An inaugural address is kind of like a birthday card, I guess - not really the appropriate venue to point out the recipient's various moral failings. And it's early days yet, although an Obama cabinet that includes Dennis Ross, Rahm Emanuel, Robert Gates and Hillary Clinton may never get further than promoting "blood transfusions".


Israeli writer David Grossman, front page of Tuesday's Haaretz :
"When the guns become completely silent, and the full scope of the killing and destruction becomes known, to the point where even the most self-righteous and sophisticated of the Israeli psyche's defense mechanisms are overcome, perhaps then some kind of lesson will imprint itself on our brain. Perhaps then we will finally understand how deeply and fundamentally wrong our actions in this region have been from time immemorial - how misguided, unethical, unwise and above all, responsible, time after time, for fanning the flames that consume us.

We must speak to the Palestinians : Instead of ignoring Hamas at this time, we would do better to take advantage of the new reality that has been created by beginning a dialogue with them immediately, one that would allow us to reach an accord with the whole of the Palestinian people.
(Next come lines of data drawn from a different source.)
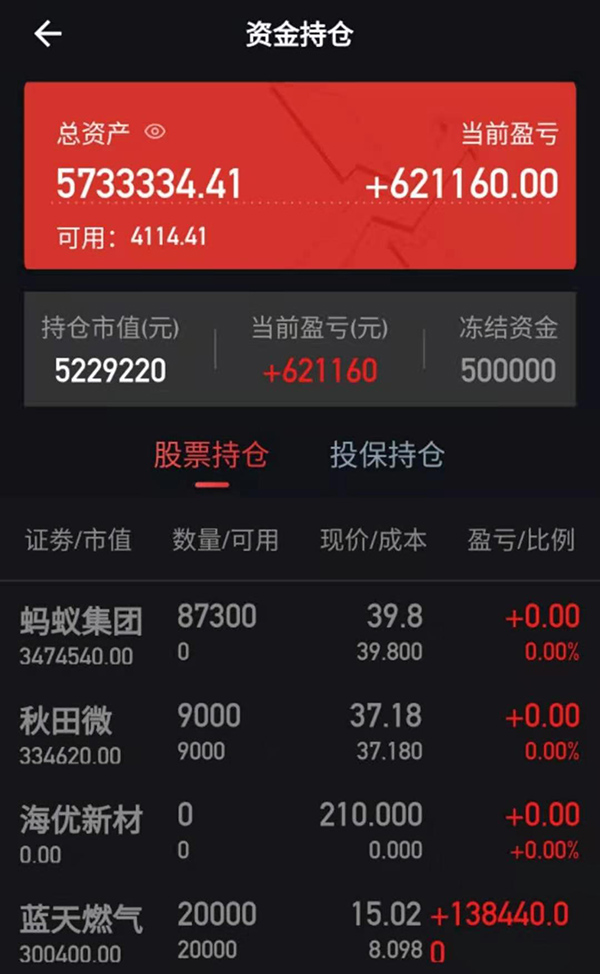 警惕！中国股民培训中心骗局，股民投资血本无归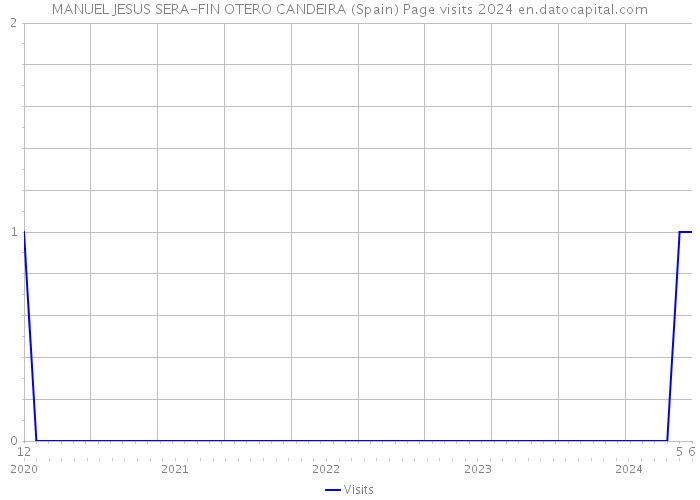 MANUEL JESUS SERA-FIN OTERO CANDEIRA (Spain) Page visits 2024 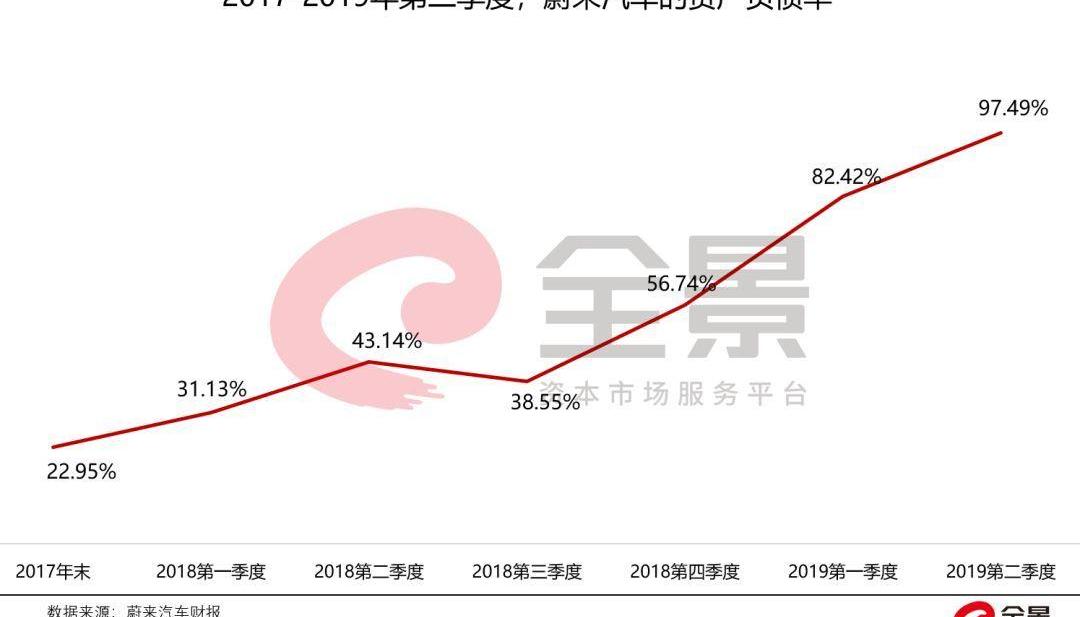 蔚来,特斯拉,蔚来ES8,汉,奥迪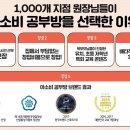 노블랜드공부방 이미지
We must speak to them and begin to acknowledge that reality is not one hermetic story that we, and the Palestinians, too, have been telling ourselves for generations. Reality is not just the story we are locked into, a story made up, in no small measure, of fantasies, wishful thinking and nightmares."


Canada's creepy one-time speech writer for George Bush on talking to Hamas, Reuters :
"U.S. analyst David Frum said talking to violent men was "an invitation to more violence."
He wrote: "Advocates of talks with terrorists often present themselves as pragmatists. Not so. They are guided by unstated biases and pure wishful thinking."
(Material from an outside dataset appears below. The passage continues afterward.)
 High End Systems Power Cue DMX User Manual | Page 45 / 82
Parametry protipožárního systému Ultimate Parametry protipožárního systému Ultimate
Surely the very definition of wishful thinking here is expecting to achieve any kind of peace by ignoring Gaza's democratically elected government and the people being punished for electing them.

How's that "ceasefire" going?

(Reuters) : Israel completes Gaza troop withdrawal
"Israel completed a troop pullout from the Hamas-ruled Gaza Strip on Wednesday, starting its relationship with U.S. President Barack Obama by leaving Palestinian land devastated by its 22-day offensive.
"We've redeployed on our side of the frontier and we will follow events closely," said Mark Regev, a spokesman for Israeli Prime Minister Ehud Olmert. "If Hamas breaks the ceasefire, we of course reserve the right to act to protect our people."

Meanwhile, today : Israeli gunboat fire wounds 2 Gazans
"An Israeli gunboat firing off the shores of Gaza City has wounded a man and a girl.
The Israeli military says it was firing to deter a Palestinian fishing vessel that had strayed off-limits.
A shell fired by the boat hit a house in a beachside refugee camp. Another shell landed about 100 yards (meters) away in an empty area near a U.N. aid distribution center."

Yesterday Israeli troops shot and killed two Gaza farmers along the border - 28 year old Kassab and 18 year old Ibrahim. Amy Goodman interviews their surviving brother.

Israel has told the United Nations and other aid groups they must apply for project-by-project Israeli approval and provide guarantees none of the work will benefit Hamas, Western and Palestinian officials said.
Israel, the officials said, is also preventing the Western-backed Palestinian Authority from transferring cash to the Gaza Strip to pay its workers and others hard-hit by war.